4.1 De middelen 1 en 2 bestrijden ’s Hofs r.o. 4.1 t/m 4.3, inhoudende dat de exces-licentievergoedingen en de overige correcties verkapte winstuitdelingen zijn die de belanghebbende genoten heeft als regulier voordeel uit aanmerkelijk belang (art. 4.12(a) Wet IB). Als de klachten 1(a) en 1(b)
4.2 HR BNB 2023/40
3.4.3. Ook na het moment waarop een vennootschap gelden ter leen aan haar aandeelhouder heeft verstrekt, bestaat de mogelijkheid dat het bedrag ervan geheel of gedeeltelijk een onttrekking gaat vormen. (…).
3.4.4. Indien en voor zover een onttrekking als hiervoor in 3.4.2 en 3.4.3 bedoeld kon plaatsvinden uit winst of winstreserves dan wel in het vooruitzicht van te maken winst, kan zij onder omstandigheden een winstuitdeling door de vennootschap aan de aandeelhouder zijn.
3.4.5. De inspecteur die (…) stelt dat een winstuitdeling heeft plaatsgevonden, zal de feiten en omstandigheden moeten stellen en – in geval van betwisting – aannemelijk moeten maken die meebrengen dat en in hoeverre een bedrag definitief is onttrokken aan het vermogen van de vennootschap en dat bovendien is voldaan aan de hiervoor in 3.4.4 vermelde vereisten.”
4.3 Vast staat dat de litigieuze licentievergoedingen definitief het vermogen van de BV hebben verlaten. De vraag is welke fiscale kwalificatie daaraan moet worden gegeven. Beslissend daarvoor is waar de vergoedingen heen gegaan zijn, i.e. aan wie zij ten goede zijn gekomen. Het Hof heeft niet onderzocht wie er achter de crediteur [C] zit. Hij heeft alleen geoordeeld – in de zaak van de BV - dat de vergoedingen in verhouding tot het nut voor de onderneming van de BV zo hoog zijn dat geen redelijk denkende ondernemer er zo veel voor zou betalen, zodat ze grotendeels als excessief moeten worden aangemerkt. Hij heeft vervolgens een soort arm’s lengthprijscorrectie toegepast (10% van de omzet in plaats van 30% c.q. 50%), maar niets vastgesteld omtrent gelieerdheid tussen debiteur en crediteur.

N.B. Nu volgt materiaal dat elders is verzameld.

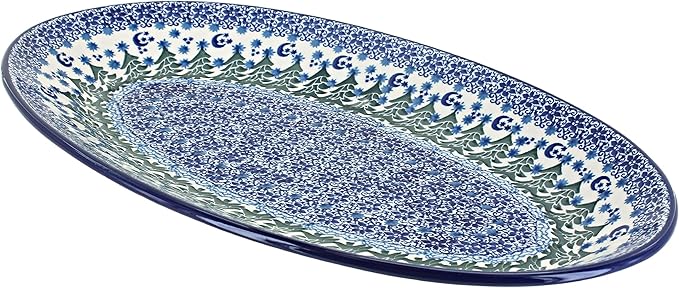 Blue Rose Polish Pottery Evergreen Magic Oval Platter-Ruum Studio Home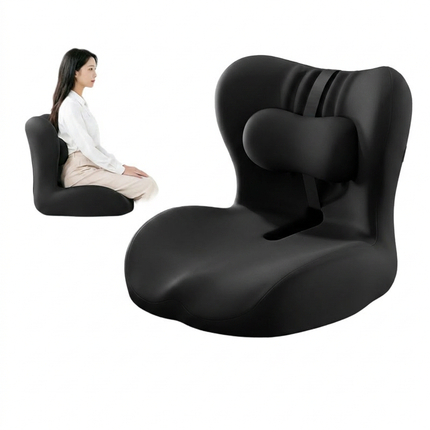 Black ergonomic seat cushion with integrated backrest, shown with seated user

4.4 De belanghebbende klaagt dat het Hof aldus niet heeft getoetst aan de in de geciteerde r.o. 3.4.4 van HR BNB 2023/40 genoemde bevoordelingsbedoeling- en bewustheidvereisten. Die klacht lijkt mij gegrond: het Hof heeft inderdaad (r.o. 4.1 en 4.2) zonder motivering aannemelijk verklaard dat zowel [B] als de belanghebbende zich ervan bewust (moeten) zijn geweest dat de licentie-vergoedingen voor het grootste deel zijn uitgegeven ter bevrediging van de persoonlijke behoeften van de belanghebbende. Hij heeft echter niet onderzocht of de belanghebbende achter [C] zit. ’s Hofs redenering - ook in zijn uitspraak in de zaak van de BV waartegen het cassatieberoep met nr. 24/04371 loopt - lijkt erop neer te komen dat als eenmaal een wanverhouding is vastgesteld tussen de hoogte van op zichzelf zakelijke uitgaven en het bedrag dat een redelijk handelend ondernemer zou hebben betaald, een fiscale kwalificatieketen in gang wordt gezet: (i) het onredelijk te hoge deel van de op zichzelf ondernemingsnuttige uitgaven is onzakelijk en daarom niet-aftrekbaar bij de BV en (ii) strekt daarom ook tot persoonlijke behoeftenbevrediging van de aandeelhouder, dus tot bevoordeling/vermogensverschuiving, waarvan (iii) de aandeelhouder zich daarom ook bewust is of moet zijn geweest, net zoals de BV, die immers door hem wordt bestierd, zodat hij (iv) daarmee ook te kwader trouw is in de zin van de navorderingsbepalingen. Die drie vervolgoordelen, die dus uitsluitend gebaseerd worden op de vaststelling van een wanverhouding in stap (i), gaan mijns inziens te ver. Alle drie de vervolgstappen worden uit het ongerijmde gezet (“het kan niet/nauwelijks anders dan …”): de enkele wanverhouding impliceert volgens het Hof persoonlijke aandeelhouders-behoeftenbevrediging, die weer bewustheid impliceert, die weer kwade trouw impliceert.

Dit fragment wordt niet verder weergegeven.